4. REVELANDO O QUE DIZ O OLHAR, O ESCUTAR, O SENTIR E O VIVER

5.3 Educação e escola: o envolver-se político

Durante minha vivência na comunidade Tapeba, dentro de uma escola diferenciada, foi-me possível perceber a dimensão política da educação pensada e trabalhada por eles, dentro de uma formação ética. Como também participei de etapas do MISI-PITAKAJÁ, notei que a educação é tratada como um ato político não só pelos Tapeba, mas por todas essas tribos indígenas cearenses participantes do curso.

Os professores direcionam suas práticas educativas para o ensinamento dos direitos e deveres dos seus alunos, enquanto seres que precisam lutar pelo reconhecimento do seu povo, em um movimento incessante de reafirmação de sua identidade indígena. Além disso, esses alunos saem da escola sabendo a sua história, contada por seus parentes, professores, por meio de atividades que são realizadas dentro e fora da sala da aula.

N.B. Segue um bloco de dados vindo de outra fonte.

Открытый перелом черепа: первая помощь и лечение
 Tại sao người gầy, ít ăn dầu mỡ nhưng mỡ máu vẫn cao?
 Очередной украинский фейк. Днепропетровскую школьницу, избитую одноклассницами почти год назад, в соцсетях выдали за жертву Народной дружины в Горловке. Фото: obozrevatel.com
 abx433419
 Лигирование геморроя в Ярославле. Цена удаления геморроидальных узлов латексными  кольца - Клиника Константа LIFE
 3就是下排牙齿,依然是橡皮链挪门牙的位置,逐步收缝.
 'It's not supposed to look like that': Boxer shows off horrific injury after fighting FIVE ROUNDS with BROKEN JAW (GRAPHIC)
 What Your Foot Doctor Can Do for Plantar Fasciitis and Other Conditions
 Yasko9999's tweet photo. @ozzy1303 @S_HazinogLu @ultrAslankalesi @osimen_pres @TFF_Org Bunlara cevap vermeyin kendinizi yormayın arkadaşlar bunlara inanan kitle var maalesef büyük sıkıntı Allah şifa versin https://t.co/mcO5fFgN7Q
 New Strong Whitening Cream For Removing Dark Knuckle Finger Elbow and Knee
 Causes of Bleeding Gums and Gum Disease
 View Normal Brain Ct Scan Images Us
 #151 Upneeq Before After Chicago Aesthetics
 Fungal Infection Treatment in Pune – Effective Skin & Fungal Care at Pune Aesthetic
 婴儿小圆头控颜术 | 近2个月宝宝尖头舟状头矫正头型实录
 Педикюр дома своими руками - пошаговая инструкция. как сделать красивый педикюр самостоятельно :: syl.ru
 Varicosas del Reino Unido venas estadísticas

A Educação indígena é um ato de responsabilidade e compromisso para com a formação dos indivíduos. A escola diferenciada vem (in)formando e estimulando seus alunos a fim de torná-los seres críticos diante da realidade. “Na verdade, os atos de educação da escola indígena diferenciada medram em um contexto de comunicação que produz significações norteadoras da sobrevivência e luta da resistência das etnias” (POVO TAPEBA, 2007, p. 5).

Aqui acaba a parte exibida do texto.